Images and Scripts—Images and scripts are assigned to the domain that you are currently operating in. You can stage, deploy, or perform any action on images and scripts for only those devices that belong to the same domain or if the devices belong to other accessible domains and the “Manage objects from all assigned domains” flag is set as a user preference. You can also inherit images and scripts from the parent domain and perform some actions such as staging on devices in the current domain and other accessible domains.
Configuration Files—Configuration files are created in the domain to which the device is currently assigned. If a device is moved from one domain to another, configuration files are also automatically moved to the respective domain. This workspace does not display objects inherited from the parent domain if the “Manage objects from all assigned domains” flag is set as a user preference.

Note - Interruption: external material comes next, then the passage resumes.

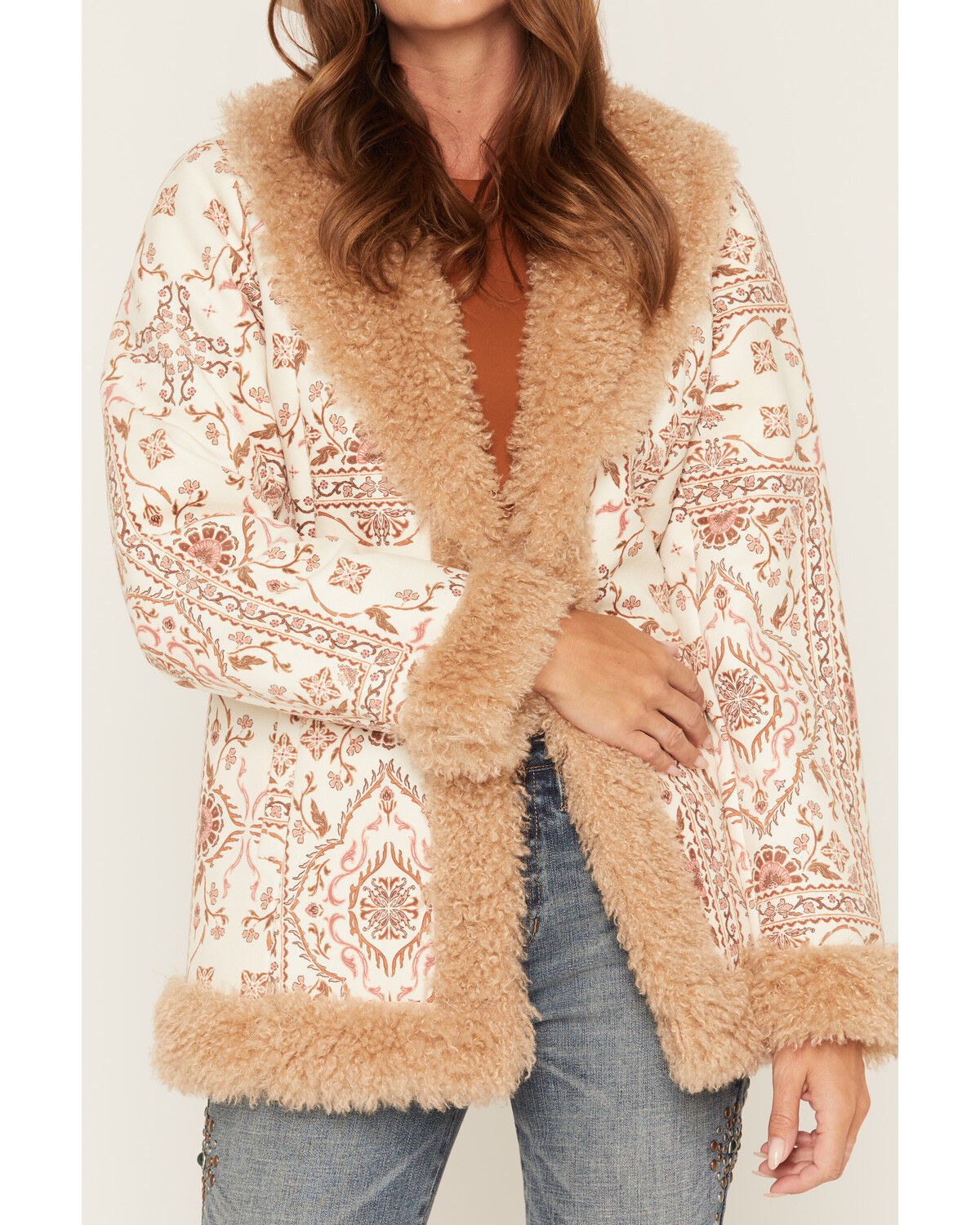 Image #3 - Shyanne Women's Tinsey Tapestry Print Faux Suede Coat, Natural, hi-res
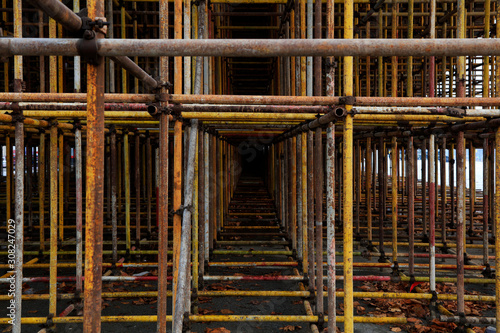 Scaffolding steel pipe at a construction site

Jobs—Jobs are associated with the domain from which you initiate jobs. You can view jobs from other domains that are assigned to you if the “Manage objects from all assigned domains” flag is set as a user preference.
Audit Logs—Audit logs are generated in the domain from which the user initiated the actions. You can view audit logs from other domains that are assigned to you if the “Manage objects from all assigned domains” flag is set as a user preference.
Role Based Access Control—The Roles page is not available in the subdomains. You can create users only when you are logged in to the Global domain. You can assign users to a domain when or after you create user accounts.
Administration—You can access the complete Administration workspace only if you are logged in to the Global domain.
Reports—Report definitions are assigned to the domain in which they are created. You can generate reports by using the definition in the inherited domain or the current domain.
Global search displays objects that match the search query from the current domain, child domains, and parent domain (if the user has read-only access to the parent domain). If an object in the search results is in a different domain than the one the user is currently in, the hyperlink to the object in the search results is disabled.